David Poole, The Charlotte Observer
Things keep happening fast for -- and to -- Nextel Cup driver Clint Bowyer.
In just his second full season in NASCAR's top series, the driver of the No. 07 Chevrolet began this year's Chase for the Nextel Cup as the only competitor to make the 10-race championship playoff without having won at least one race this year.
Bowyer, in fact, never had won a Cup race before opening the Chase with a win at New Hampshire International Speedway.
But that victory was just the start. After a solid 12th-place finish at Dover, the native of Emporia, Kan., finished second to Greg Biffle at Kansas Speedway and almost certainly would have won if the race had been one lap longer, because Biffle was nearly out of gas when darkness brought an end to the rain-interrupted race.
Then, at Talladega, Ala., Bowyer's engine was the last one standing among those built by his Richard Childress Racing team in cooperation with Dale Earnhardt Inc. He made it home 11th at a track where his previous best Cup finish had been 35th.
That leaves Bowyer third in the Chase standings, 63 points behind leader Jeff Gordon, heading into Saturday night's Bank of America 500 at Lowe's Motor Speedway.
"We're not out of this thing by any means," said Bowyer, who knows there are still those who doubt his chances to stay in the title hunt.
"You're still thinking that we're going to bobble and make mistakes," Bowyer said to reporters after his Talladega finish. "And we're going to prove you wrong."
While he and his team, led by crew chief Gil Martin, haven't blinked so far in the Chase, Bowyer, 27, knows this week could be another hurdle for his team. In three Cup starts at the 1.5-mile Charlotte track, he hasn't finished better than 19th.
"I was reading in that Bruton [Smith] might be moving the place," Bowyer joked, referring to the Lowe's Motor Speedway owner's dispute with Concord over plans to build a drag strip. "I'm all for it. Move it to the other side of Charlotte."
If the Chase is stressing Bowyer out, it isn't showing. He's known all along, Bowyer said, how tough this sport can be.

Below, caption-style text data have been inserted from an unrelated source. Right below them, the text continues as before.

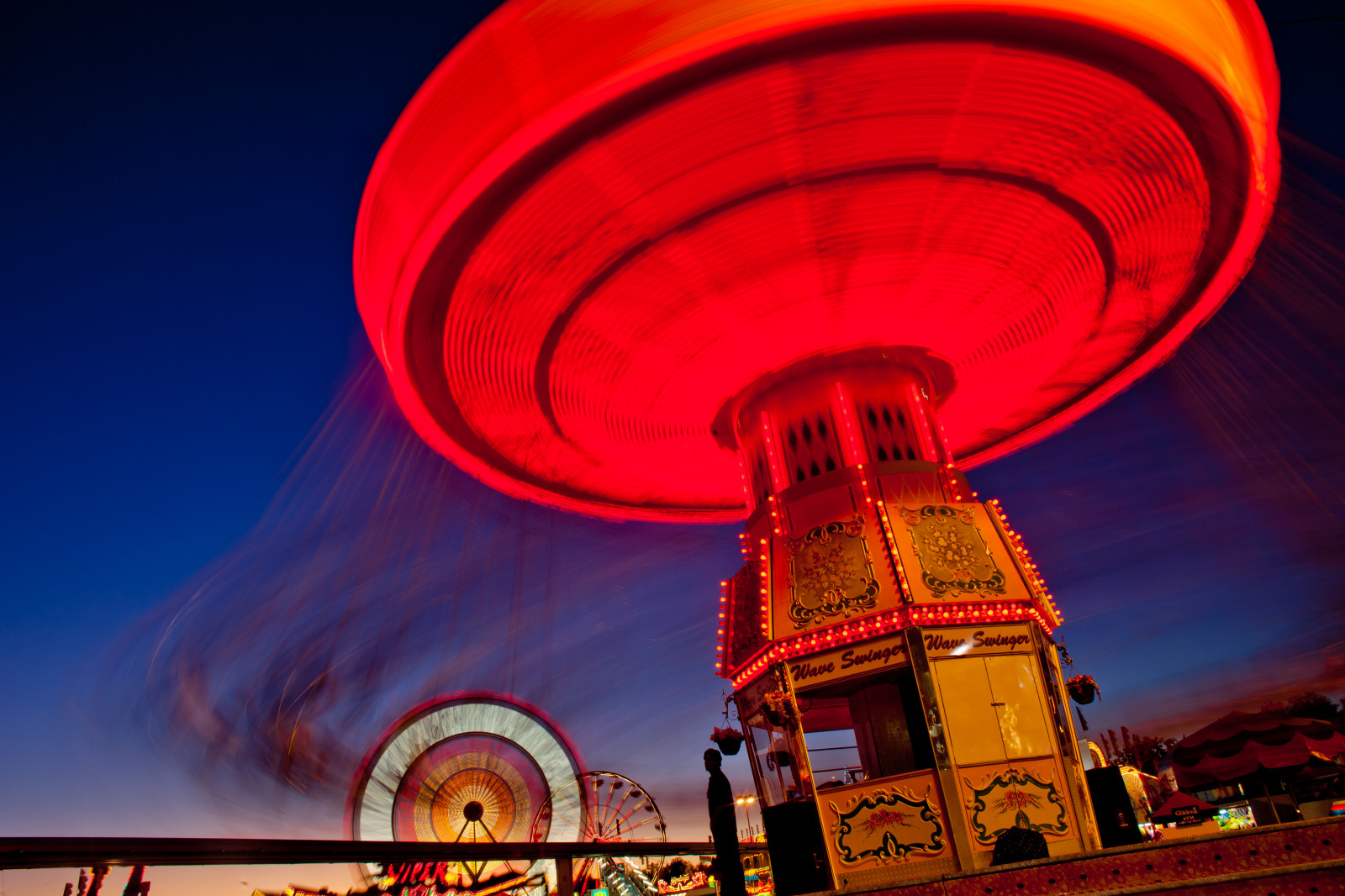 noc, Červené, nebe, Ruské kolo, Kalifornie, svět, Spojené státy americké, metropole, elektřina, veletrh, Sacramento, světlo, 10, osvětlení, Ruské kolo, mezník, fav10, fav20, fav50, fav30, fav40, fav70, fav25, fav60, Spojené státy, Spojené státy americké, rekreace, superfave, turistická atrakce, počítač tapeta, Atmosféra Země, zábavní park, zábavní jízda, statefair, Sacramento County, californiastatefair, californiaexpositionstatefair, chairoplanes, swingcarousel, waveswinger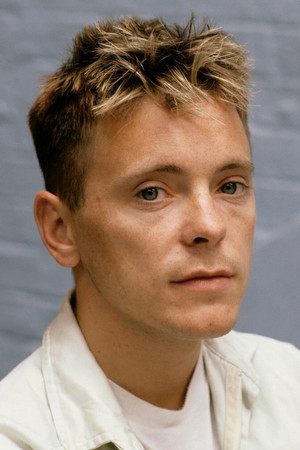 Photo of Bernard Sumner from the Latest Netflix gallery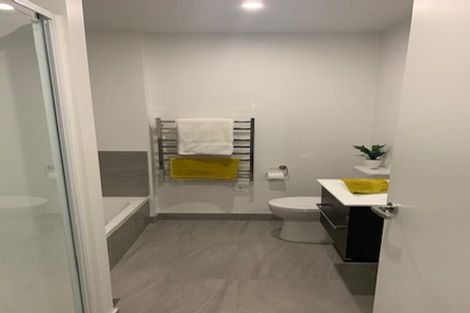 Photo of property in 16 Rua Kai Way, Brooklyn, Wellington, 6021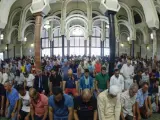 Musulmanes rezan en la mezquita de la M-30.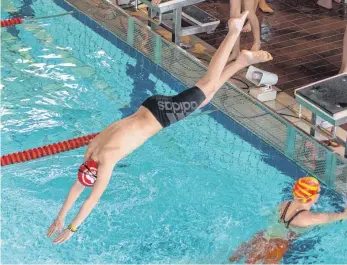  ?? FOTO: FLORIAN WOLF ?? Die Schwimmer des TV Lindenberg nutzen das Hallenbad fürs Training, für Prüfungen und für ihren jährlichen Wettkampf, das große Schwimmfes­t.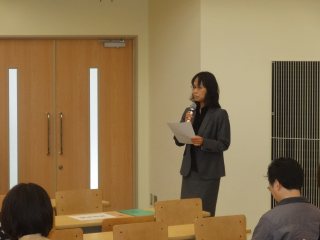 尾松 万里子 学長補佐(男女共同参画担当) による司会の様子 写真:尾松 万里子 学長補佐(男女共同参画担当) による司会の様子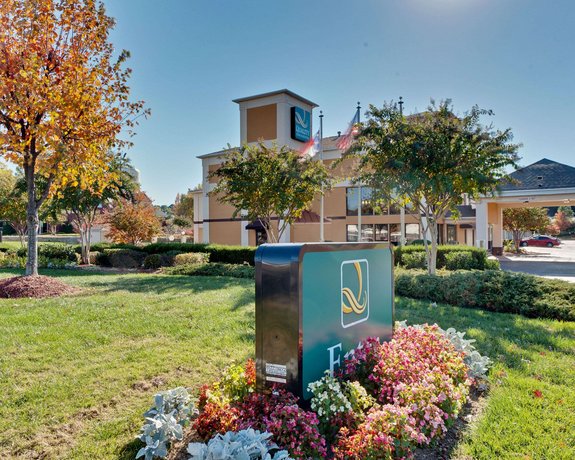 Quality Inn & Suites Matthews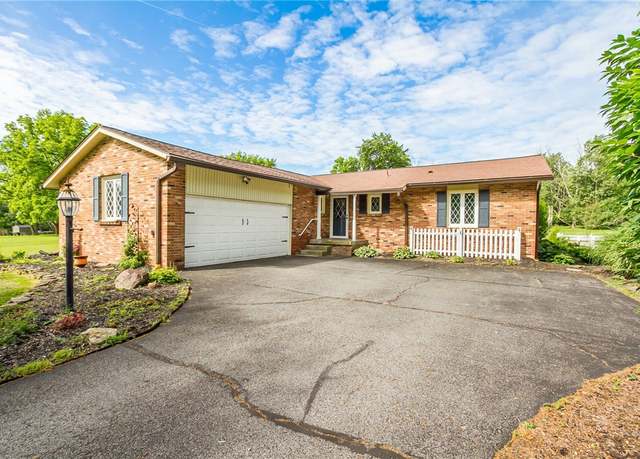 Property at 226 N Pearl St, Canandaigua City, NY 14424, 3 beds, 1.5 baths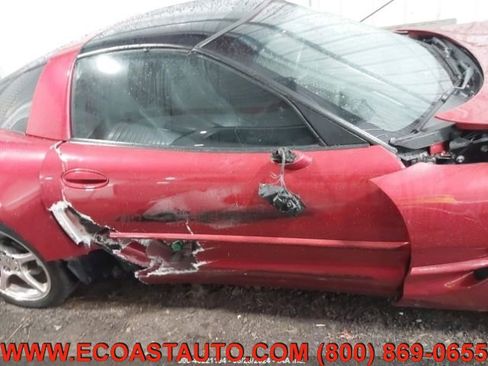 Used 2001 Chevrolet Corvette Coupe w/ Preferred Equipment Group2 image 9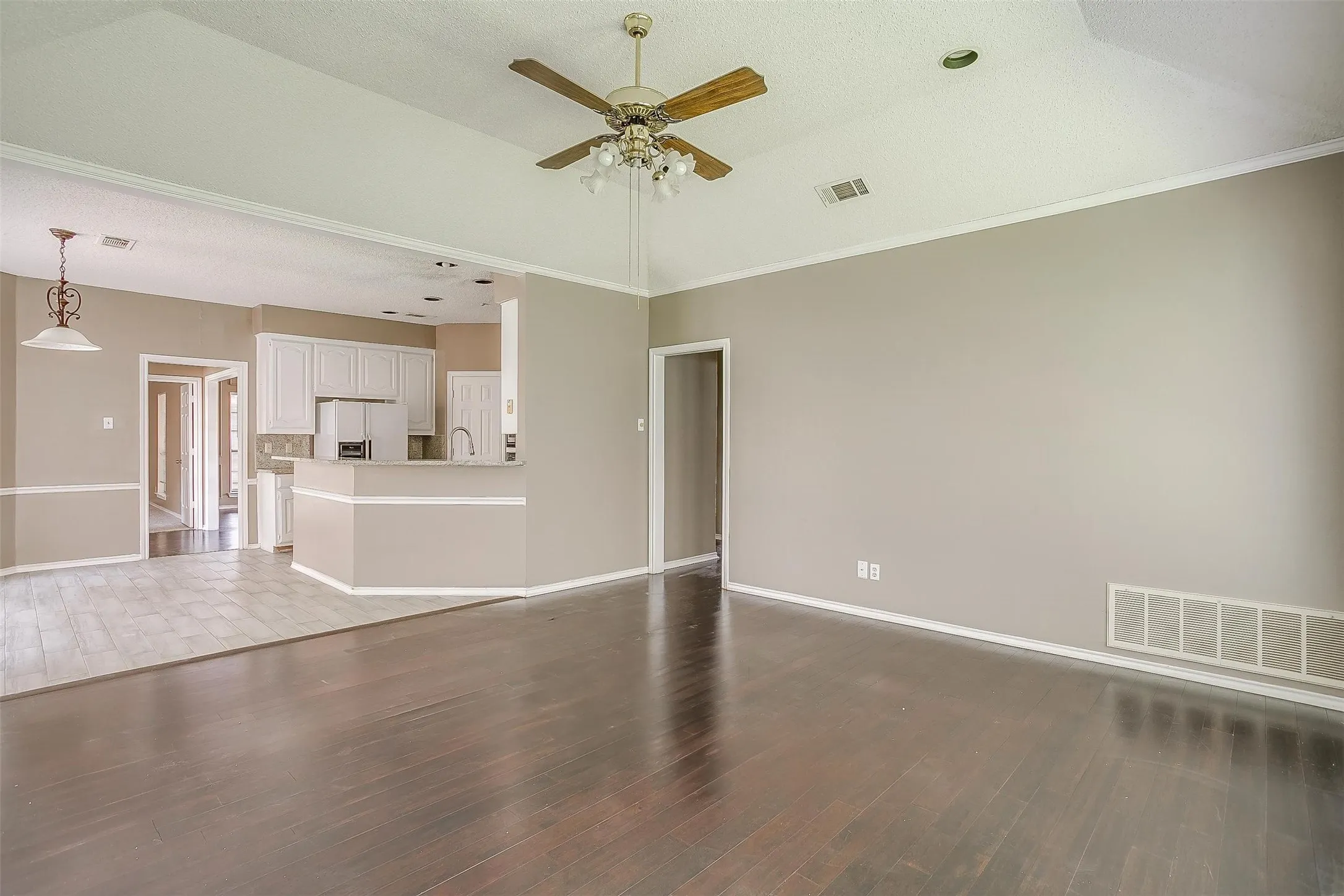 Single Family Residence For Rent in Dallas County , 9017 Rodeo Drive, Irving, Texas 75063, 3 Bedroom, 2 Bathroom, 2 Garage spaces, 2,262 Sqft, built in 1985, mls#21403448, Real Estate Agent in Irving, Homes For Rent in Dallas county, Homes For Rent in Irving, Realtor in Irving Texas, Real Estate Brokerage Independent Realty Texas, Luminita Cordes Realtor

"I've won seven features in a row and backed up with a DNF [did not finish]," he said. "It's just a very humbling sport. It can show you the highest of highs and drag you down to the lowest of lows the next day."
After bringing his car home in one piece at Talladega, Bowyer talked about how a piece off another car's splitter came up and hit his car, about how wild the final few laps were and about how tense it got with his teammates' engines all failing.
"It was nerve-wrecking," he said. "I kept patting the old girl and praying."
Maybe the pressure will ramp up if he hangs on near the top as the Chase moves into its second half.
But for now, Bowyer is still having fun.
"It's all about parking spots here," he said. Transporters are parked in the Cup garage in the order of the teams' standing in points. "If it's easy to get to your truck, you know you're doing something right."